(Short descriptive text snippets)
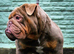 English bulldog puppies for sale males and females
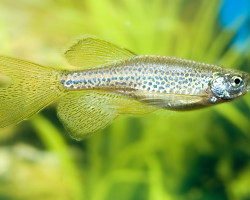 Danio Rerio Frankei Longfin M/L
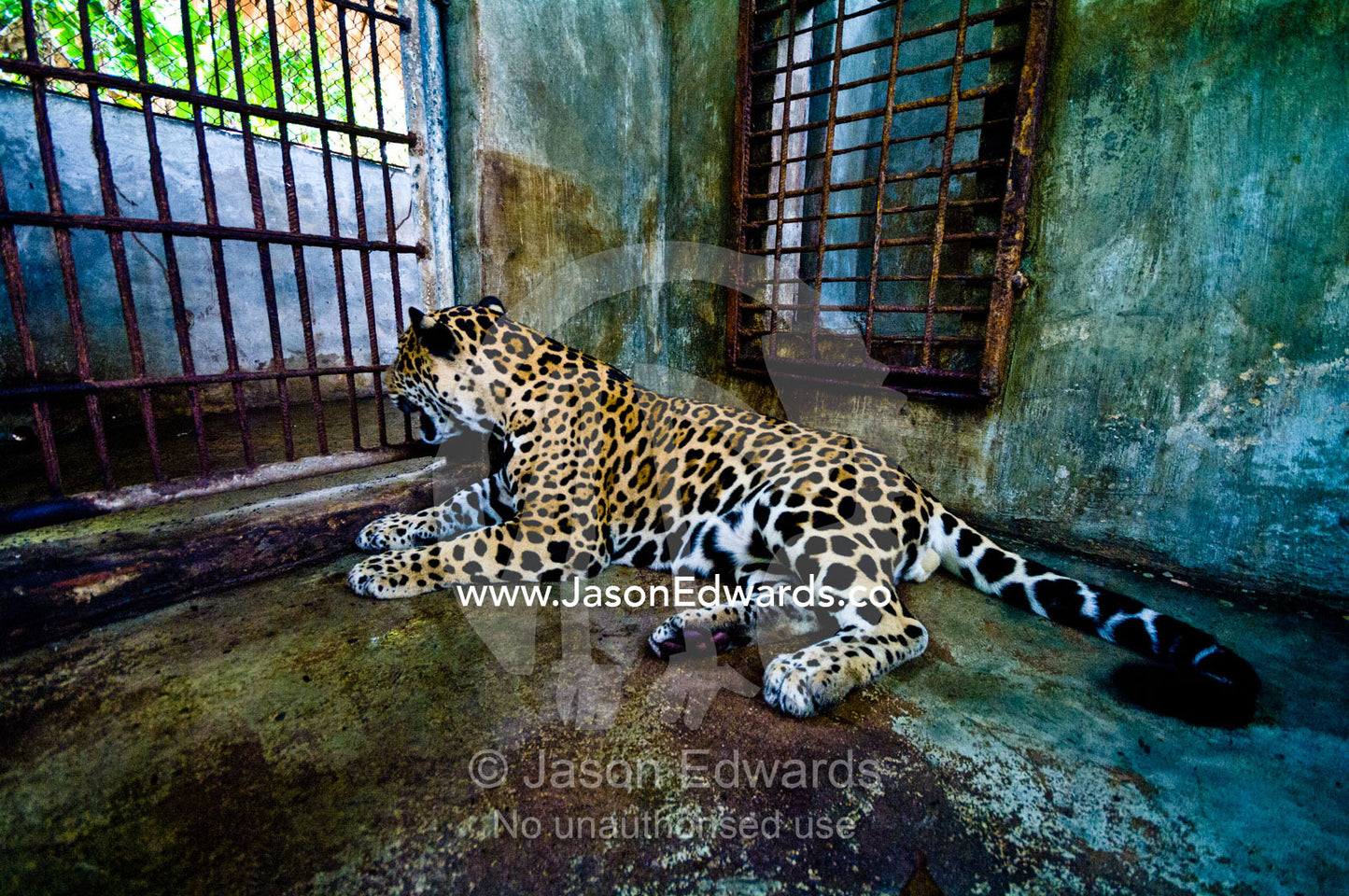 A hand-raised Jaguar rests in a zoo holding cage after being confiscated from a private home by government conservation officers. Parque de Quistococha, Quistococha Zoo, Iquitos, Amazon Basin, Loreto Region, Maynas Province, Peru.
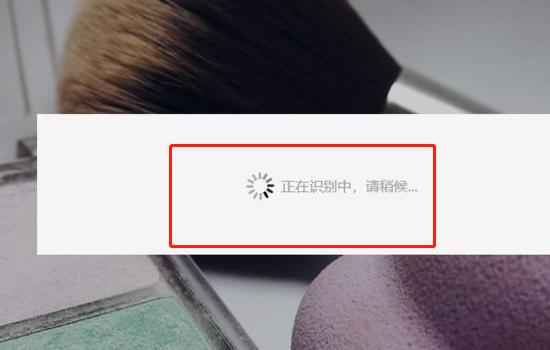 百度识图网页版为什么用不了?手机网页版百度识图为什么不能用-第4张图片-波音达百科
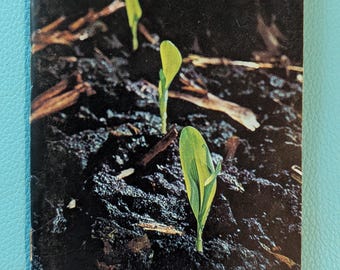 Guía de siembra de semillas de maíz DeKalb vintage (envío gratuito)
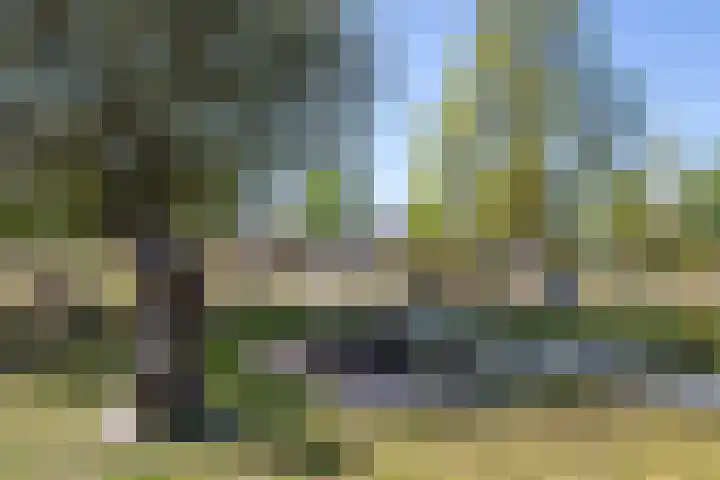 Maasstraat 29 Apeldoorn thumbnail 23
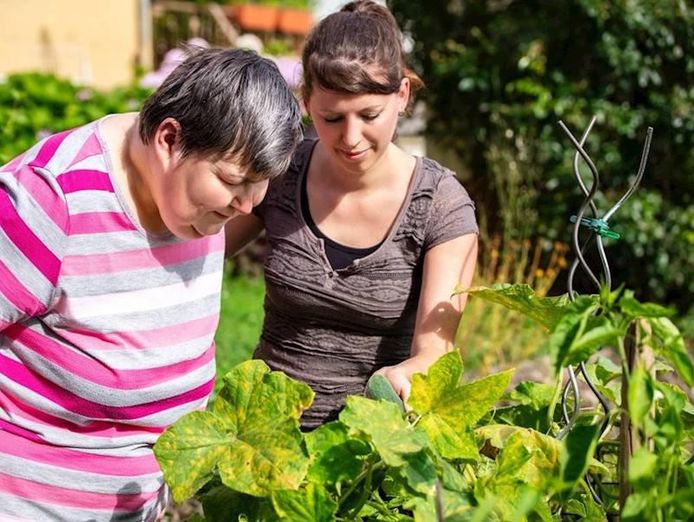 ndis-business-with-approx-253-000-000-in-plan-funding-2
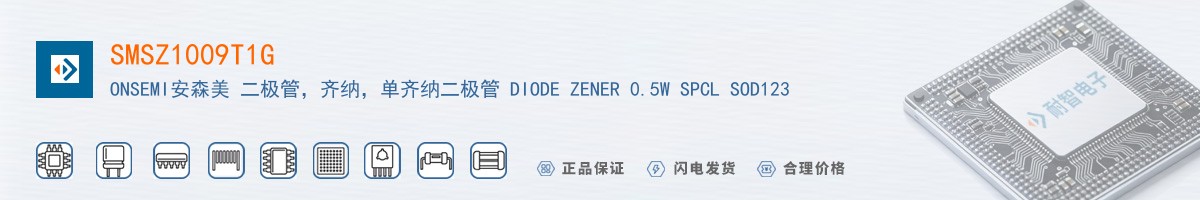 SMSZ1009T1G������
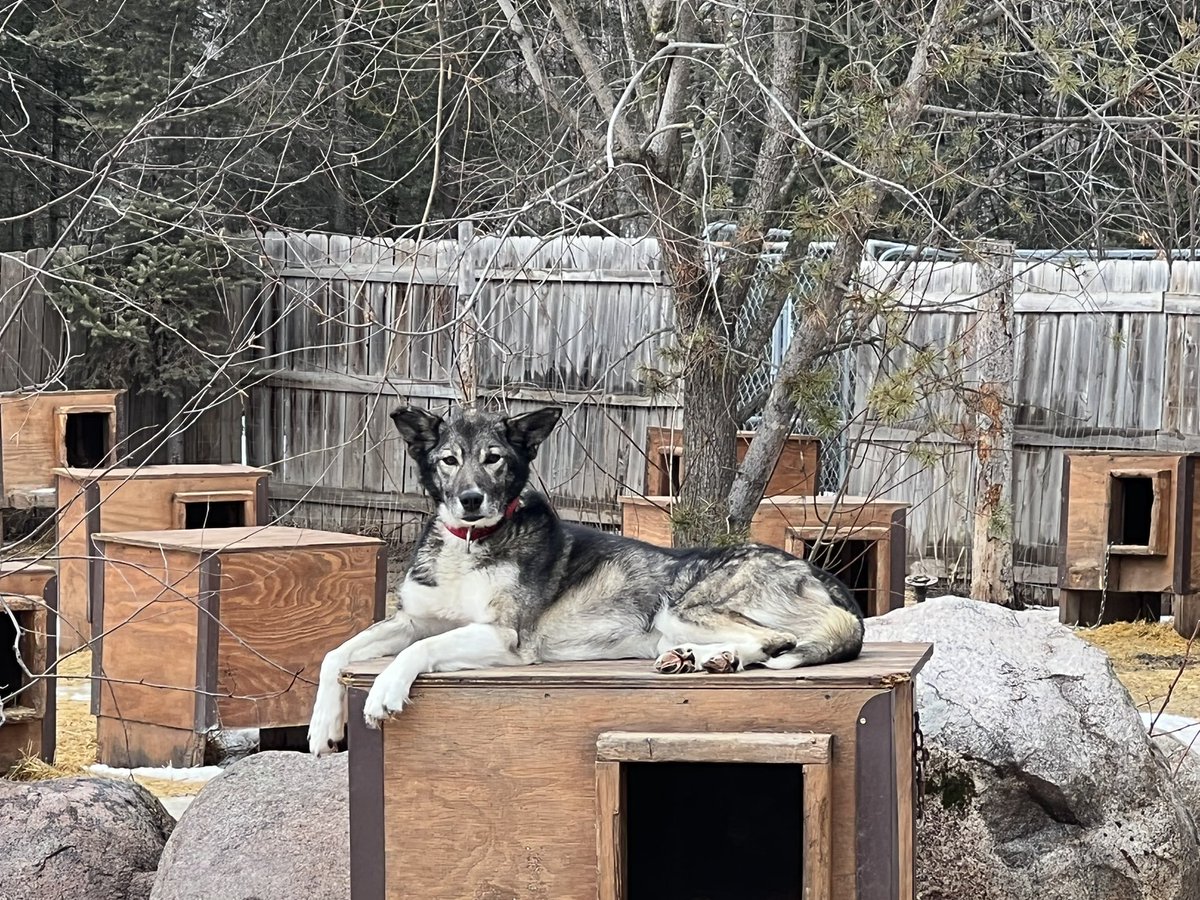 HwayJake's tweet photo. @RyanVanLoan @BlairBraverman https://t.co/nwVqyrtJet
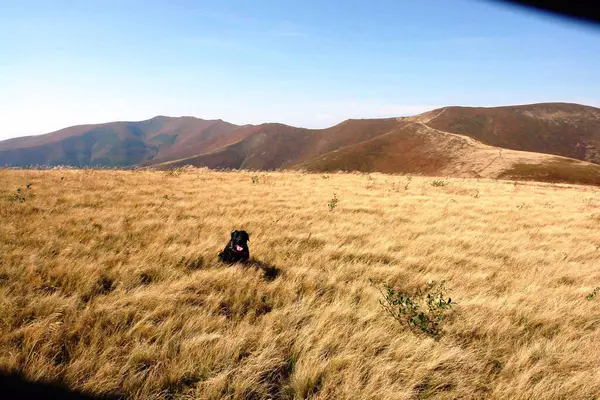 Sonbaharda sarı çimenlikteki siyah köpek resmi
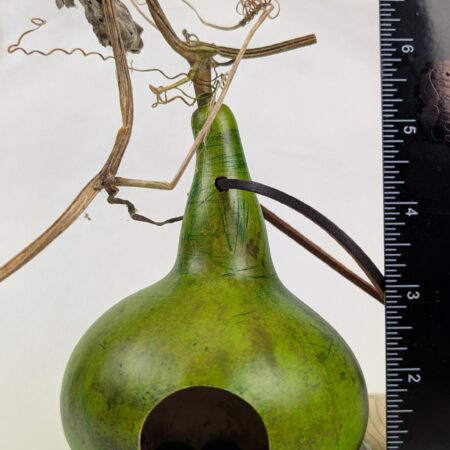 Little Green Gourd - Image 2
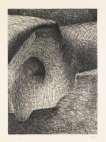 Elephant Skull XVI - Signed Print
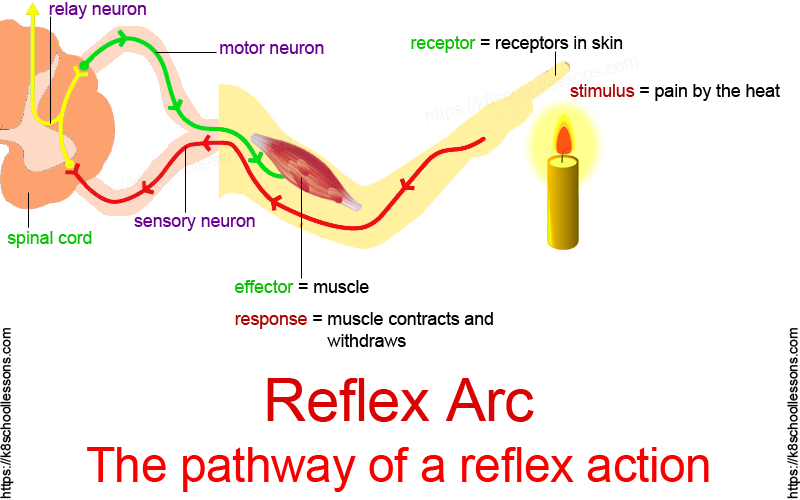 Reflex arc: The pathway of a reflex action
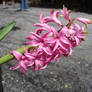 Pink Flowers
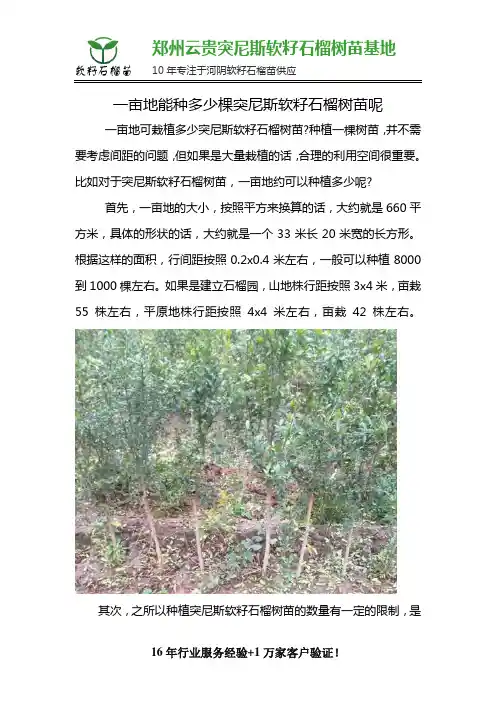 一亩地能种多少棵突尼斯软籽石榴树苗呢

_REQUIRED ACTION_.
Say again, word for word, every line from the one with "SMSZ1009T1G������" through the last line of the data above, minus the pictures.

_RESPONSE AREA_.
 SMSZ1009T1G������
 HwayJake's tweet photo. @RyanVanLoan @BlairBraverman https://t.co/nwVqyrtJet
 Sonbaharda sarı çimenlikteki siyah köpek resmi
 Little Green Gourd - Image 2
 Elephant Skull XVI - Signed Print
 Reflex arc: The pathway of a reflex action
 Pink Flowers
 一亩地能种多少棵突尼斯软籽石榴树苗呢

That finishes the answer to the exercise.